La BMW Série 5 fait partie du paysage automobile depuis de nombreuses années. Toutefois, la montée en puissance des véhicules utilitaires sport a entamé sa popularité. Les chiffres sont d’ailleurs éloquents puisque le constructeur a vendu 1 621 Série 5 et 6 630 X5 au Canada en 2019. Avantage au VUS si l’on s’en tient strictement aux chiffres.

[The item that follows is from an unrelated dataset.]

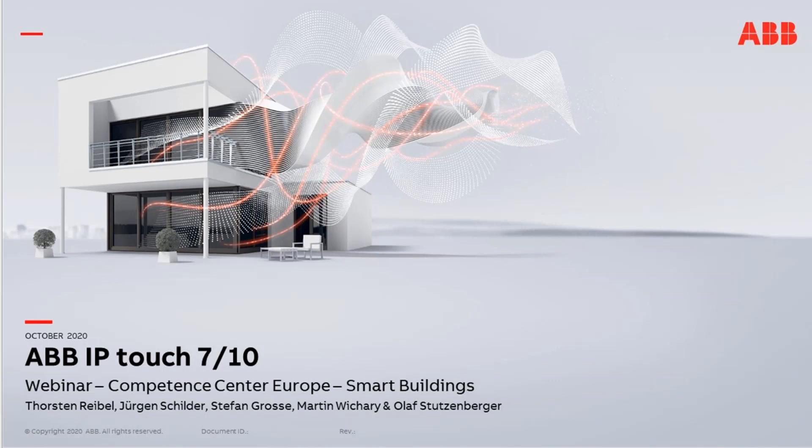Hello and welcome to our next webinar with the topic ABB IPTouch 7 and 10-inch. My name is Torsten Reibel from the Competence Center Europe Smart Buildings. Together with us is Martin Vichari, and he will present today this webinar. We will record this webinar as always, so later you get the presentation and also the recording. It takes around one hour as always, and I will now hand over to Martin.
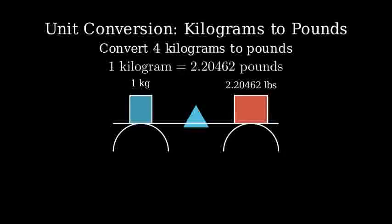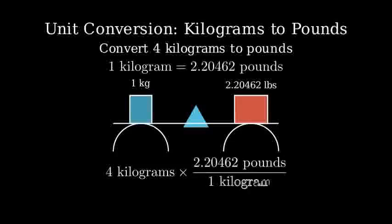To convert units using dimensional analysis, we write the given quantity and multiply it by a conversion factor that will cancel out the original units and give us our desired units. Let's set it up. Notice how we wrote the conversion factor as a fraction. The kilograms will cancel out, leaving us with pounds.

Mais qu’en est-il sur la route ?

Pour l'année 2021, BMW a légèrement revu le design de sa berline et amélioré l'aérodynammisme, mais il ne s'agit pas d'une révolution stylistique. Une fois assis derrière le volant, on constate que les berlines de luxe ont encore leur mot à dire. Bien qu’elle soit âgée de quatre ans, la Série 5 demeure assurément dans le coup. Dynamiquement, on retrouve cet agrément qui caractérise les productions bavaroises. Direction précise et bien dosée, agilité remarquable pour une voiture de plus de 1 800 kg, sans oublier un confort princier. Que ce soit les suspensions ou les sièges, la berline intermédiaire signée BMW ne maltraite pas ses passagers…dans les versions civilisées. Dans les modèles M, c’est une autre histoire. Globalement, l’auto demeure une autoroutière accomplie et une berline agréable à conduire au quotidien.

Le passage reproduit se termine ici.